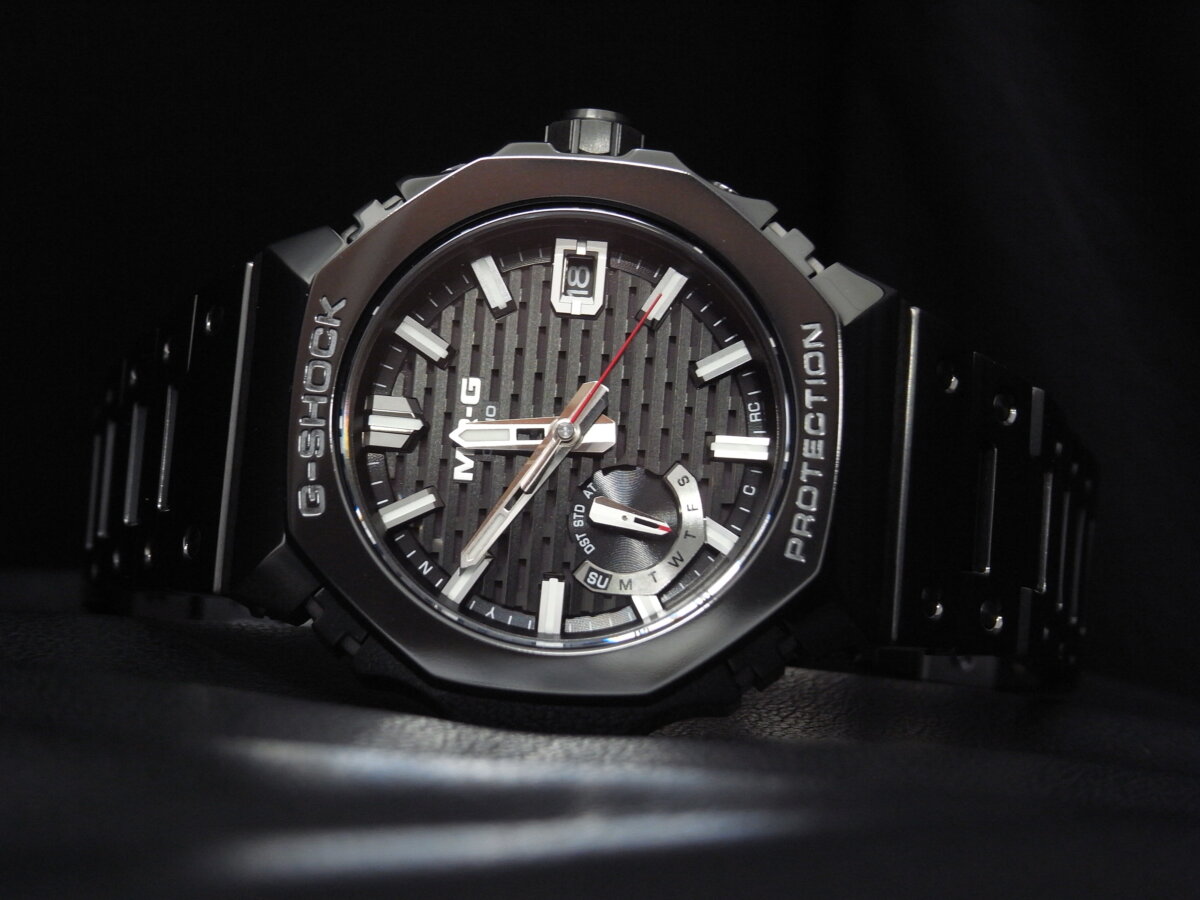 G-SHOCK MRG-B2100B-1AJR【美品】 MR-G（エムアールジー）MRG-B2100シリーズ - MRG-B2100B-1AJR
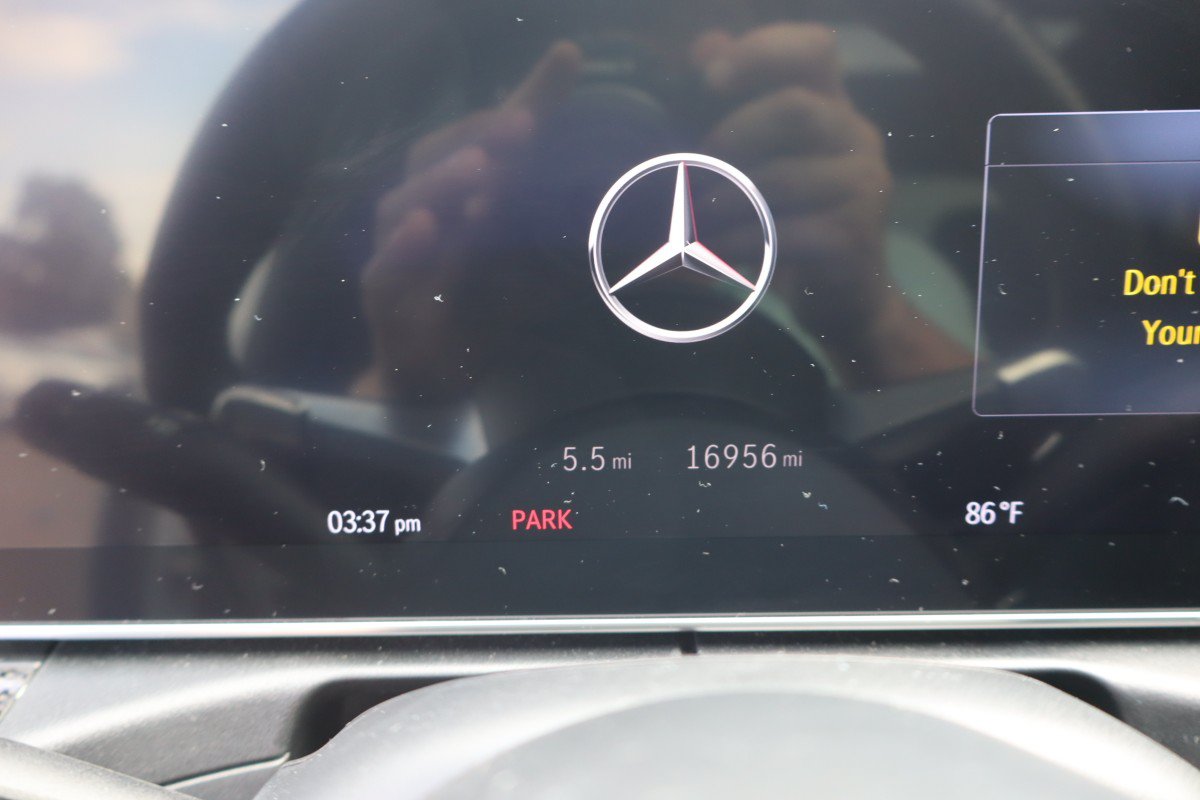 Used 2024 Mercedes-Benz C 63 AMG S w/ AMG Carbon Fiber Package II image 9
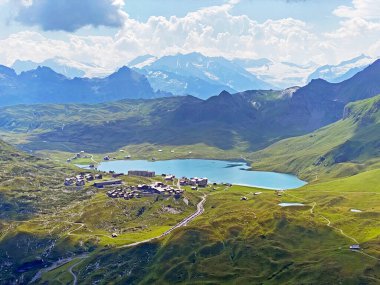 Uri Alp Dağları 'ndaki Melchsee ya da Melch Gölü, Kerns - İsviçre' nin Obwald Kantonu (Kanton Obwalden, Schweiz)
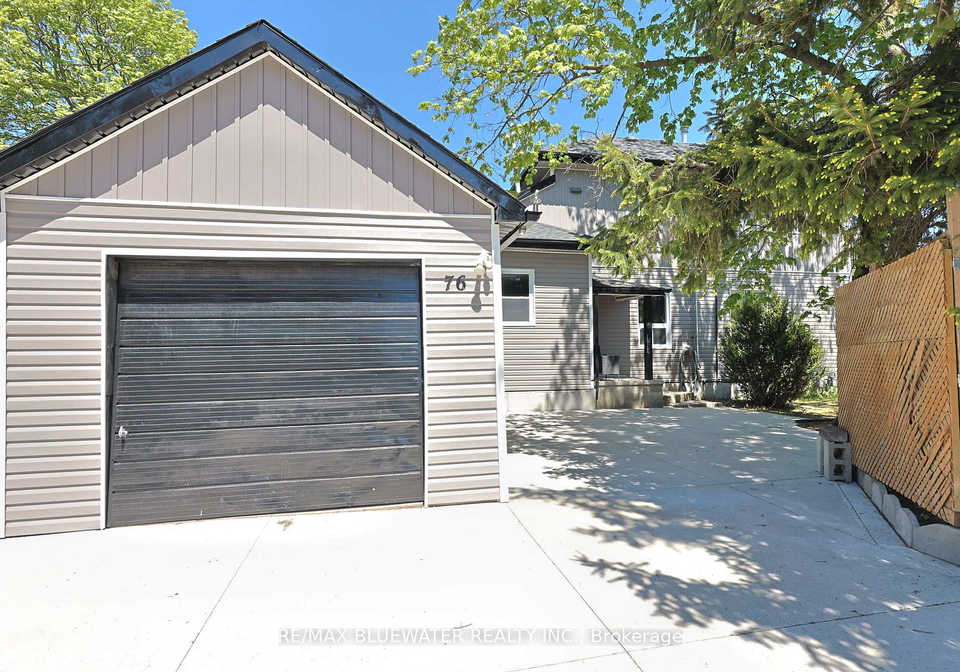 76-franklin-street-lambton-shores-ontario-x13147846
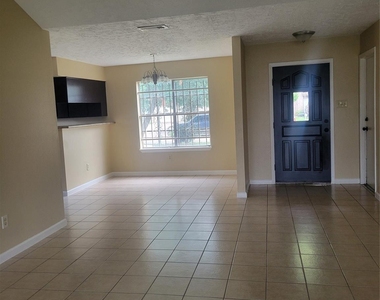 19330 Cypress Bay Drive - Photo Thumbnail 3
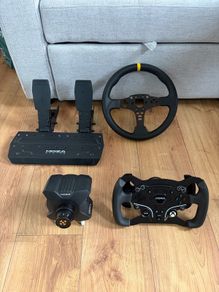 MOZA R3 Direct Drive Racing Wheel Bundle Xbox PC PS5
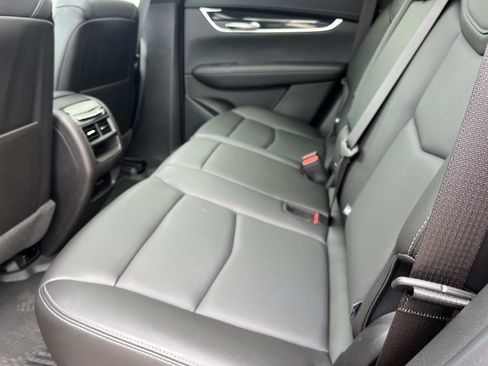 Used 2022 Cadillac XT5 Premium Luxury FWD image 18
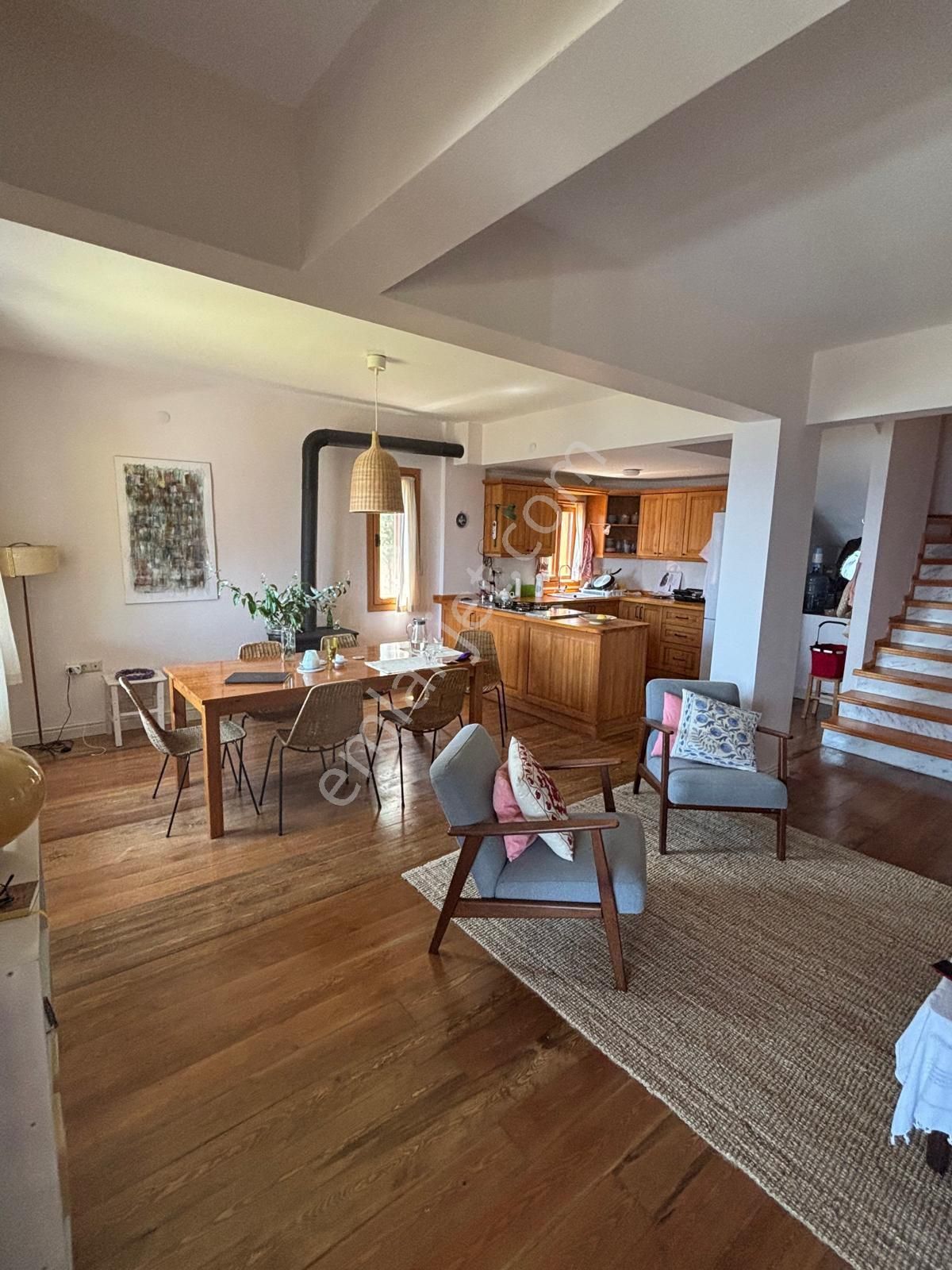 Mor Çiçek Emlak Karaburun Mordoğanda Deniz Manzaralı Denize Sıfır Villa - Görsel 27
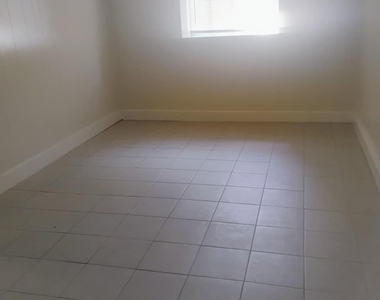 1426 Shorecrest Drive - Photo Thumbnail 7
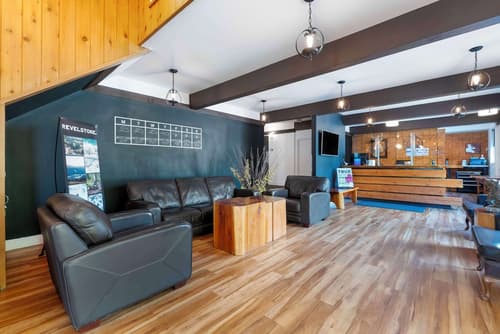 Stoke Hotel SureStay Collection by Best Western, Lobby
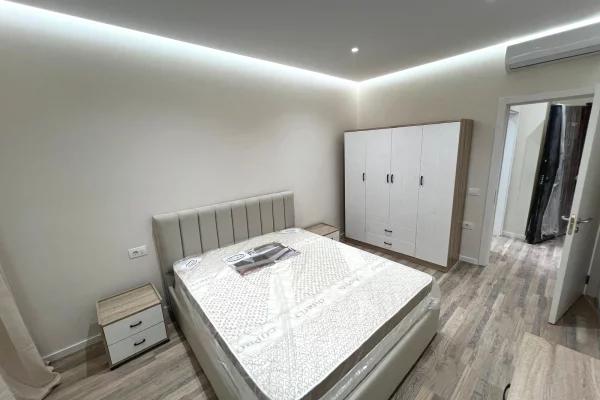 Shtepi me qera Apartament ne Tirane, 1+1, Mobilimi E mobiluar, Pagesa 50,000  Leke.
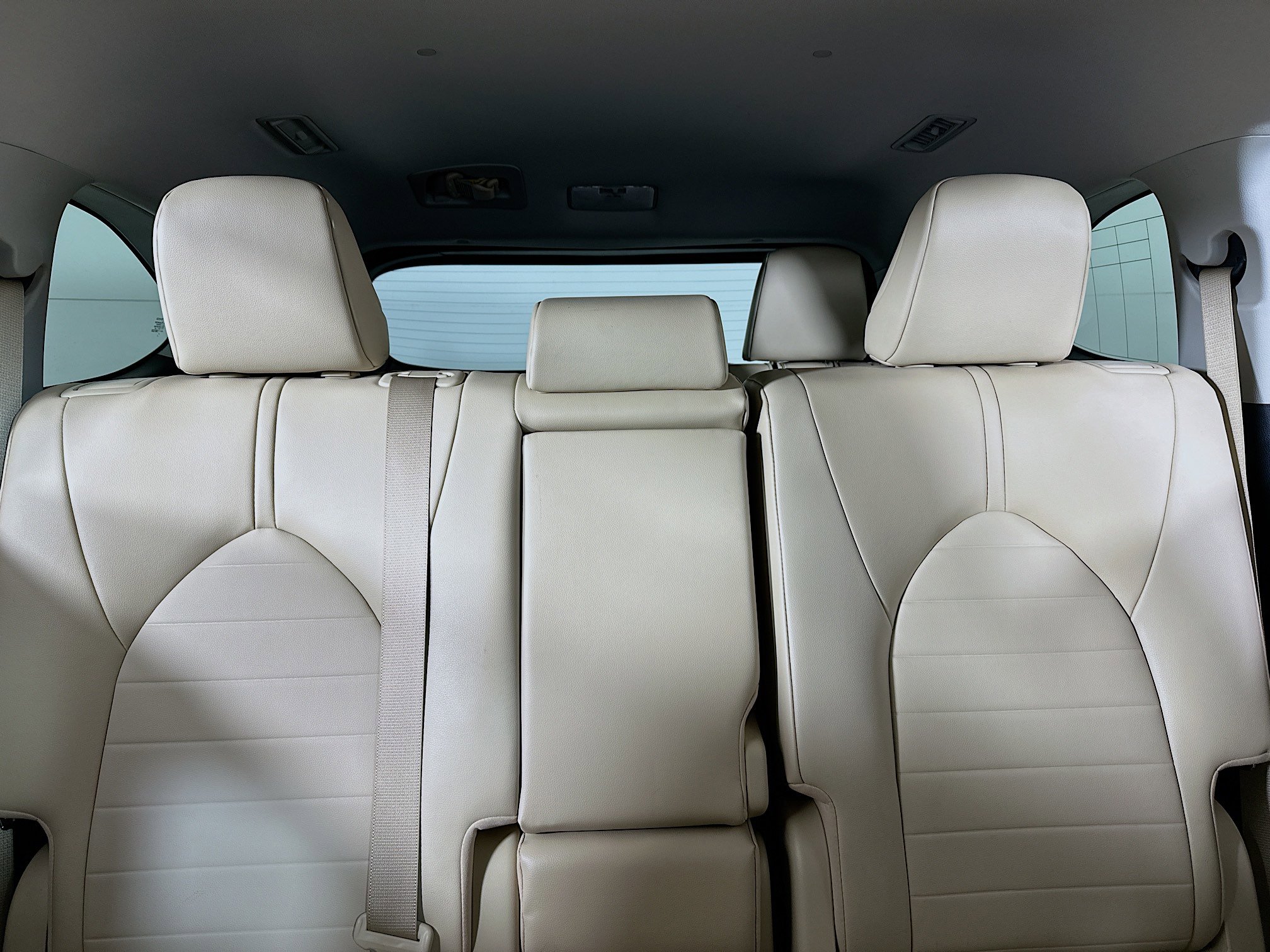 Used 2023 Toyota Highlander XLE image 30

WHAT IS BEING ASKED – Copy the records exactly, minus any pictures.

RESPONSE TO THE TASK –
 G-SHOCK MRG-B2100B-1AJR【美品】 MR-G（エムアールジー）MRG-B2100シリーズ - MRG-B2100B-1AJR
 Used 2024 Mercedes-Benz C 63 AMG S w/ AMG Carbon Fiber Package II image 9
 Uri Alp Dağları 'ndaki Melchsee ya da Melch Gölü, Kerns - İsviçre' nin Obwald Kantonu (Kanton Obwalden, Schweiz)
 76-franklin-street-lambton-shores-ontario-x13147846
 19330 Cypress Bay Drive - Photo Thumbnail 3
 MOZA R3 Direct Drive Racing Wheel Bundle Xbox PC PS5
 Used 2022 Cadillac XT5 Premium Luxury FWD image 18
 Mor Çiçek Emlak Karaburun Mordoğanda Deniz Manzaralı Denize Sıfır Villa - Görsel 27
 1426 Shorecrest Drive - Photo Thumbnail 7
 Stoke Hotel SureStay Collection by Best Western, Lobby
 Shtepi me qera Apartament ne Tirane, 1+1, Mobilimi E mobiluar, Pagesa 50,000  Leke.
 Used 2023 Toyota Highlander XLE image 30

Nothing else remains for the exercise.